- _Records for this task_
-=-=-=-=-

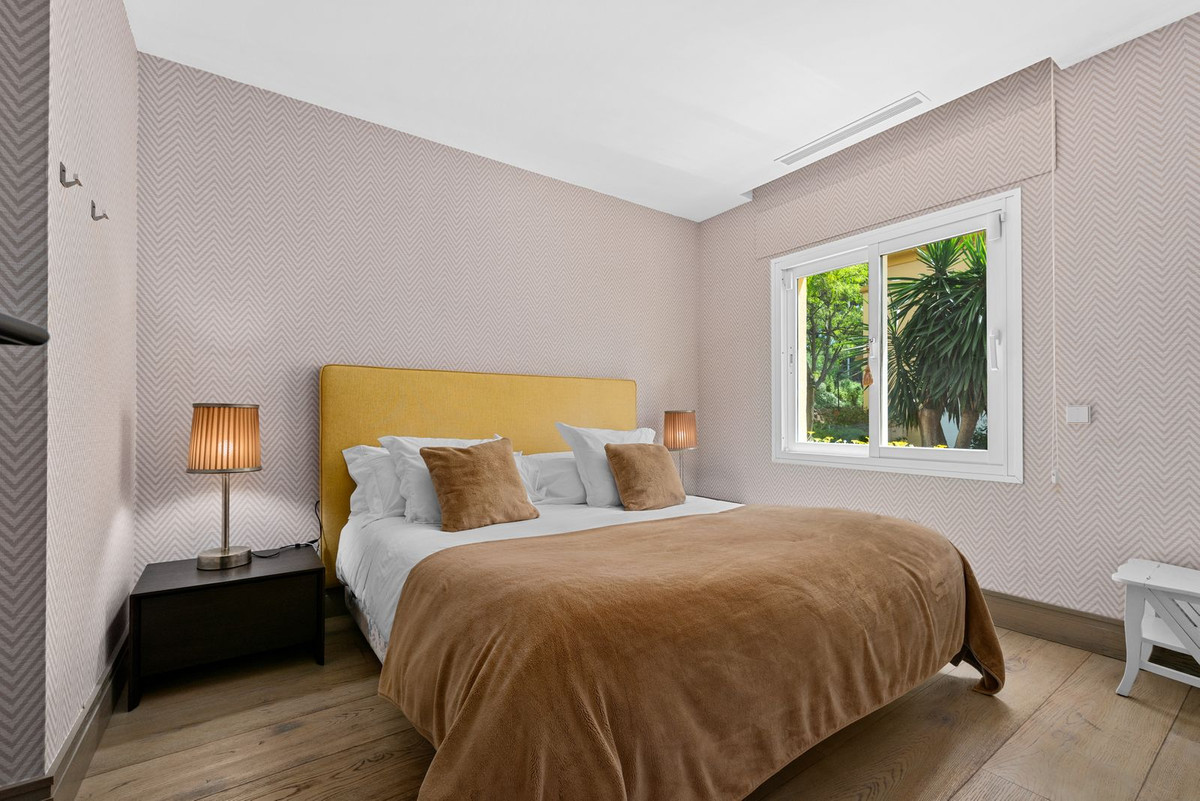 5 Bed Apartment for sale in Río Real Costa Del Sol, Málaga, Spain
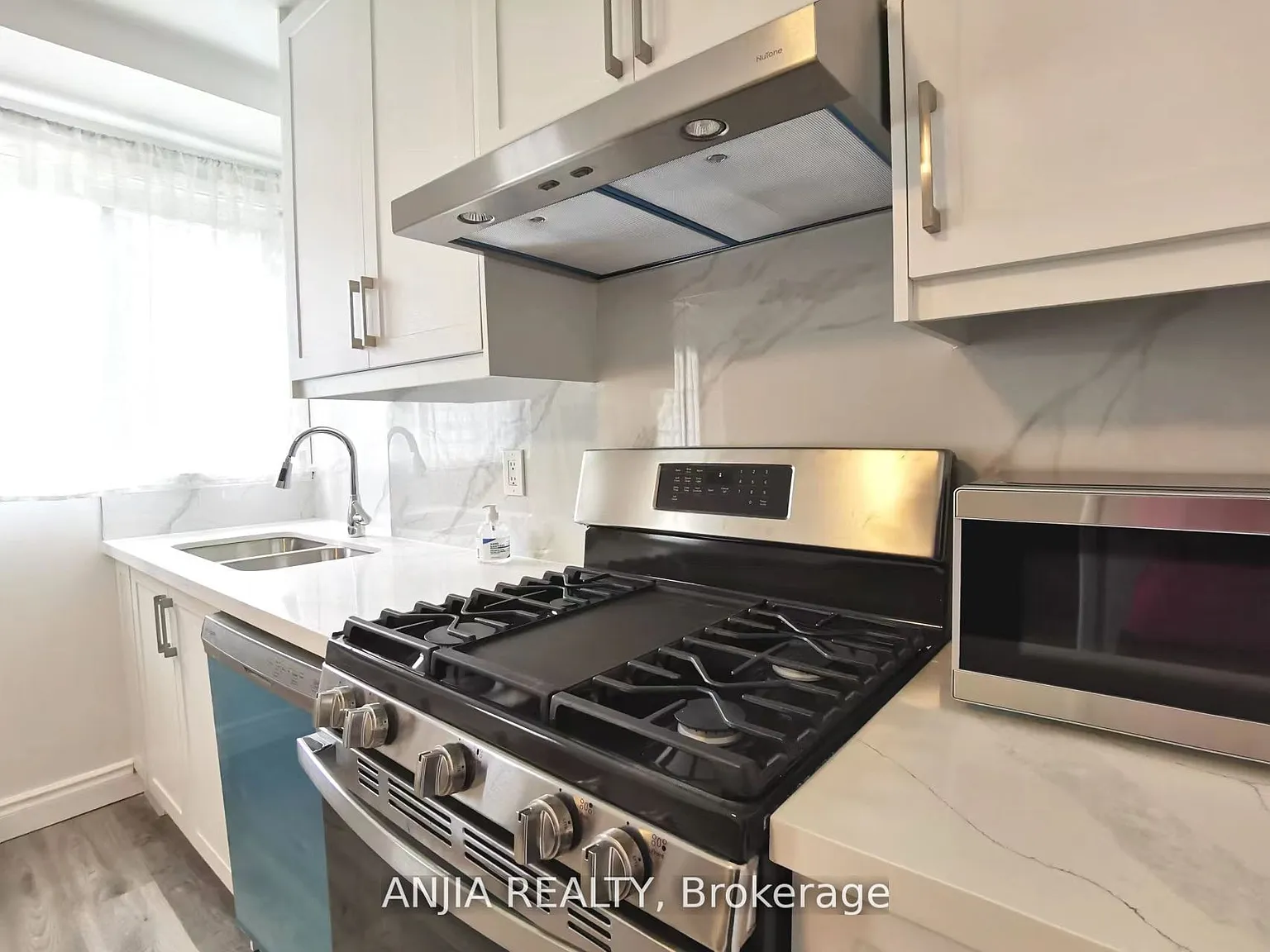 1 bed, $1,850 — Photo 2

-=-=-=-=-

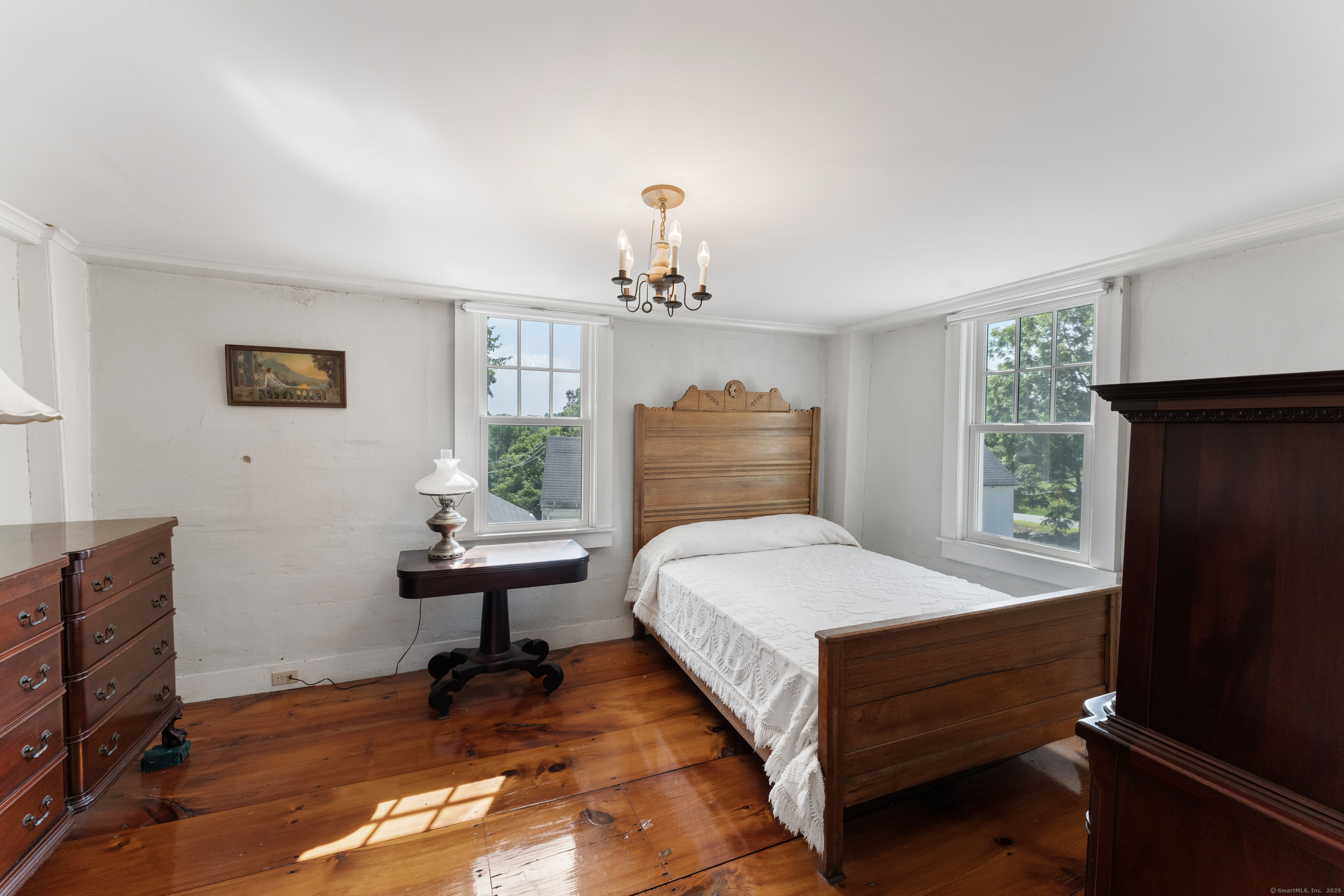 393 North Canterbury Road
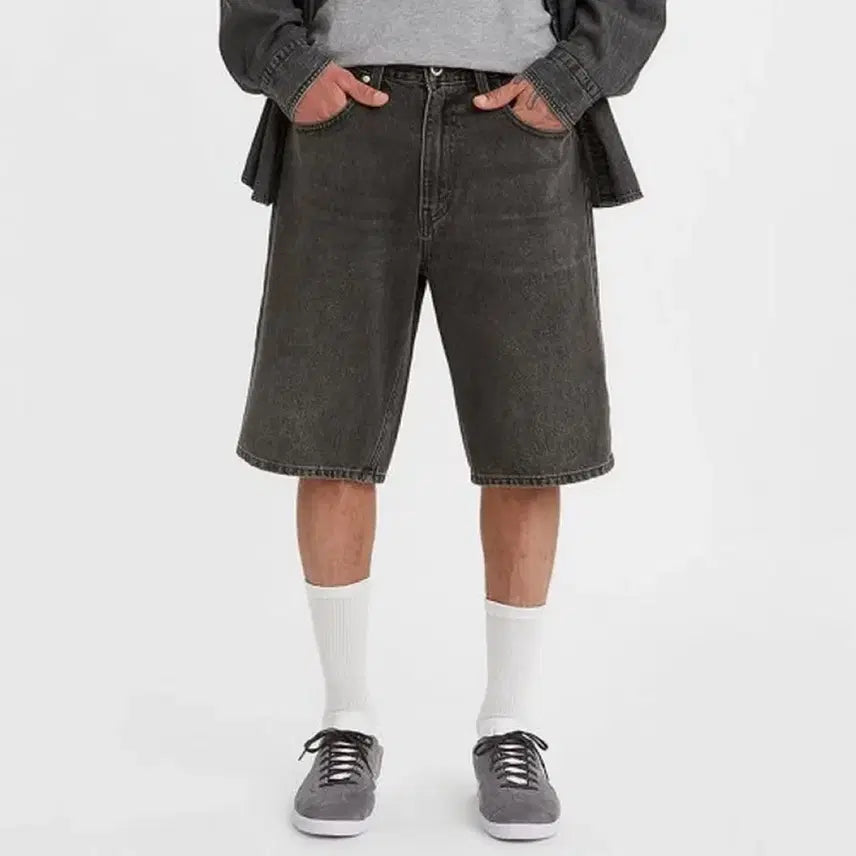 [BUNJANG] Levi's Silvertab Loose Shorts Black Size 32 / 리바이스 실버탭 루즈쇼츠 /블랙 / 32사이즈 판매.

-=-=-=-=-

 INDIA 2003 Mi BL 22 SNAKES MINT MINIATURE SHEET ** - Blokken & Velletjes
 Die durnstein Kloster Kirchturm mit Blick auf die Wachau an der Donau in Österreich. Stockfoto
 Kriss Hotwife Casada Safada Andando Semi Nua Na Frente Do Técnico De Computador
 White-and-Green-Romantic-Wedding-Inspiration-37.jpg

-=-=-=-=-

Look through the listing above for the line with "5 Bed Apartment" and the line with "1 bed, $1,850 — Photo 2". Write out exactly those lines and everything between, leaving out pictures.

 5 Bed Apartment for sale in Río Real Costa Del Sol, Málaga, Spain
 1 bed, $1,850 — Photo 2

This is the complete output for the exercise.